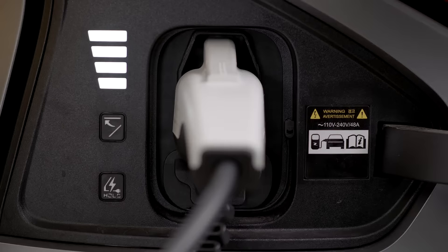If equipped, you can monitor the charge level via the gauge that's inside the charging door. A high voltage indicator light on top of the instrument panel is also illuminated while the vehicle is charging. When the high voltage battery is fully charged, the indicator lights turn off.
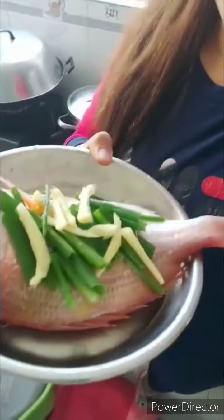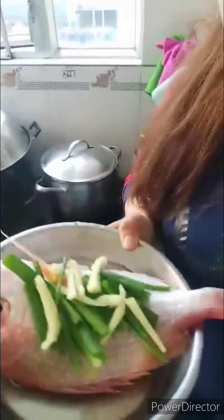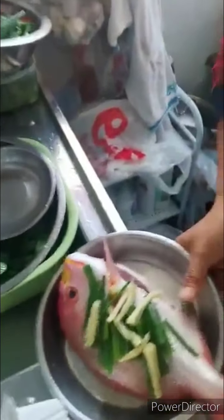Ngayon, mag-prepare tayo ng steamed fish. Tignan na muna natin — iboil muna natin yung tubig bago ilalagay yung fish natin. Yung fish natin, hindi ko kilala kung ano kaya ito. Pero ito yung favorito ni Lolo. So, lagyan lang daw ito ng ginger muna at spring onion. Mamaya-maya na after boiling, lagyan natin ng soy sauce. Yan lang ang sinabi na ilagay ko daw kasi ayaw nila na maraming lagay-lagay.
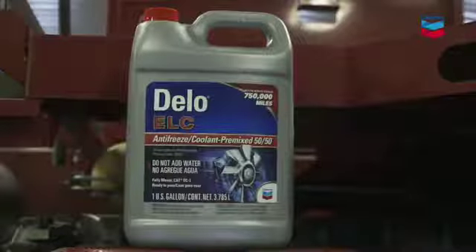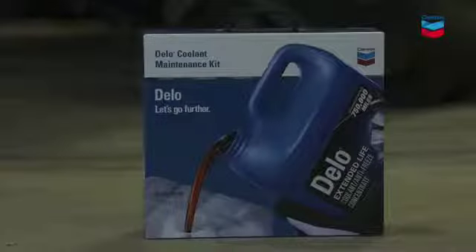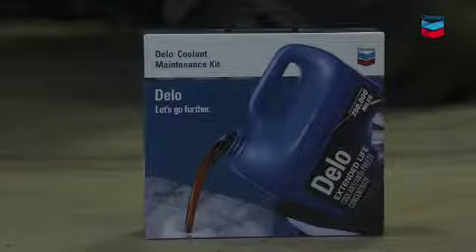Right now is a critical time to check the health of your engine coolant. Hi, I'm Darren Hefty. I'll give you the steps to take and a few things to think about.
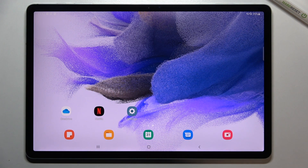Hi everyone. In front of me I've got Samsung Galaxy Tab S7 FE and let me share with you how to change this navigation type from the buttons to gestures.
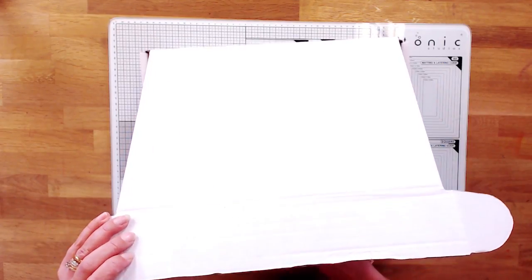Welcome to the December kit unboxing. This is a surprise to me because I've never seen any of this before — are you ready? Let's have a look.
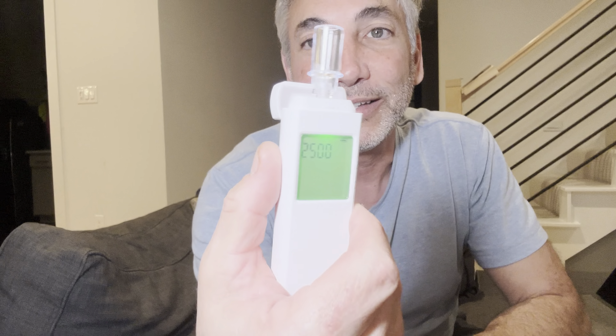I'm back with my breathalyzer. I've had another drink of wine, but not a whole lot — we'll give this thing another go. When I open it up, it shows 2,500 at the top, which is how many more breaths I'm able to do on this sensor. It has a countdown, so it'll count down from 2,500 uses.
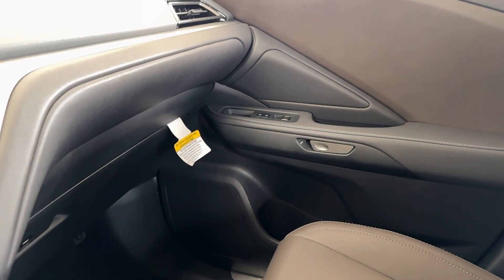Lexus models with digital latch have the same door handle operation on all four passenger doors. Stay safe out there everybody. Thanks so much for watching and we'll see you next time.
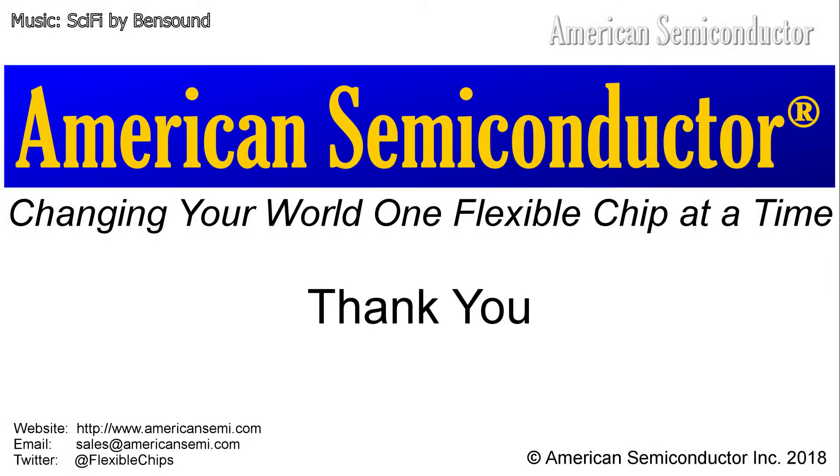For more information, please visit our website at www.americansemi.com, email us at sales@americansemi.com, or follow us on Twitter at Flexible Chips.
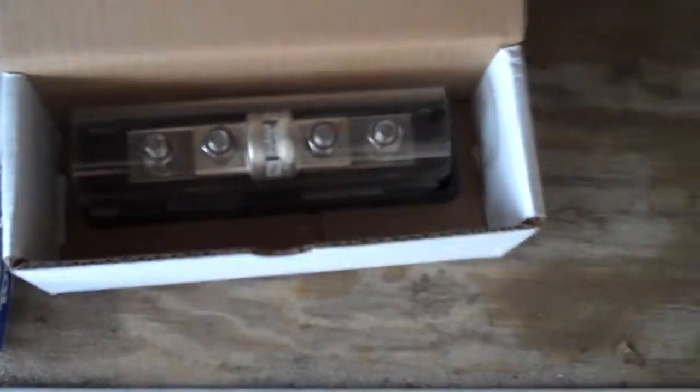Today we received some of our components. We've got our fuse — a 300 amp fuse. Pretty awesome looking, like something that would go in a car for a stereo, but this is 300 amps.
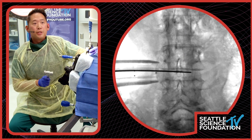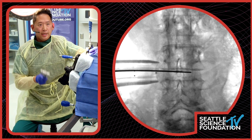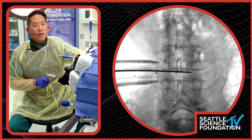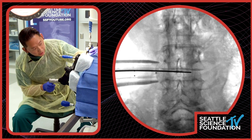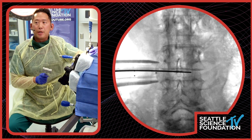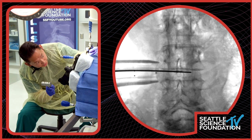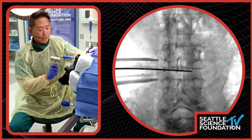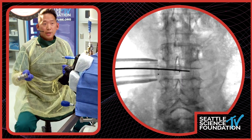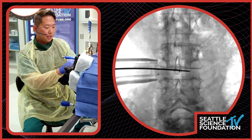You can see the shim — the radiopaque markers form a triangle. We basically want that lead point going into the disc space. Looking down into the retractor, we've got it pretty close to where the wire was. The wire was a little bit posterior in the disc space, so I think this will work out nicely. You can see the shim going into the disc space — and here it's fully deployed. Let's get the camera down so we can see in here.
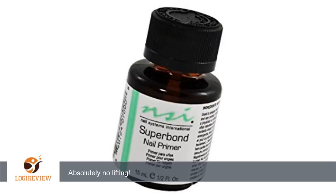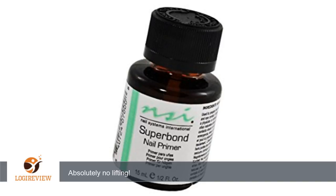A customer wrote: finally a product that works. I have spent so much time and money trying to find something that works, and NSI Superbond does the job. Two weeks so far, hard yard and barn work, and absolutely not one single lifted nail. Thank you for watching.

[WORK INSTRUCTION]
Begin at the first line of the entries above and return each line exactly, stopping after the line that contains "Hi everyone. In". Pictures do not belong in the copy.

[TASK RESULT]
If equipped, you can monitor the charge level via the gauge that's inside the charging door. A high voltage indicator light on top of the instrument panel is also illuminated while the vehicle is charging. When the high voltage battery is fully charged, the indicator lights turn off.
Ngayon, mag-prepare tayo ng steamed fish. Tignan na muna natin — iboil muna natin yung tubig bago ilalagay yung fish natin. Yung fish natin, hindi ko kilala kung ano kaya ito. Pero ito yung favorito ni Lolo. So, lagyan lang daw ito ng ginger muna at spring onion. Mamaya-maya na after boiling, lagyan natin ng soy sauce. Yan lang ang sinabi na ilagay ko daw kasi ayaw nila na maraming lagay-lagay.
Right now is a critical time to check the health of your engine coolant. Hi, I'm Darren Hefty. I'll give you the steps to take and a few things to think about.
Hi everyone. In front of me I've got Samsung Galaxy Tab S7 FE and let me share with you how to change this navigation type from the buttons to gestures.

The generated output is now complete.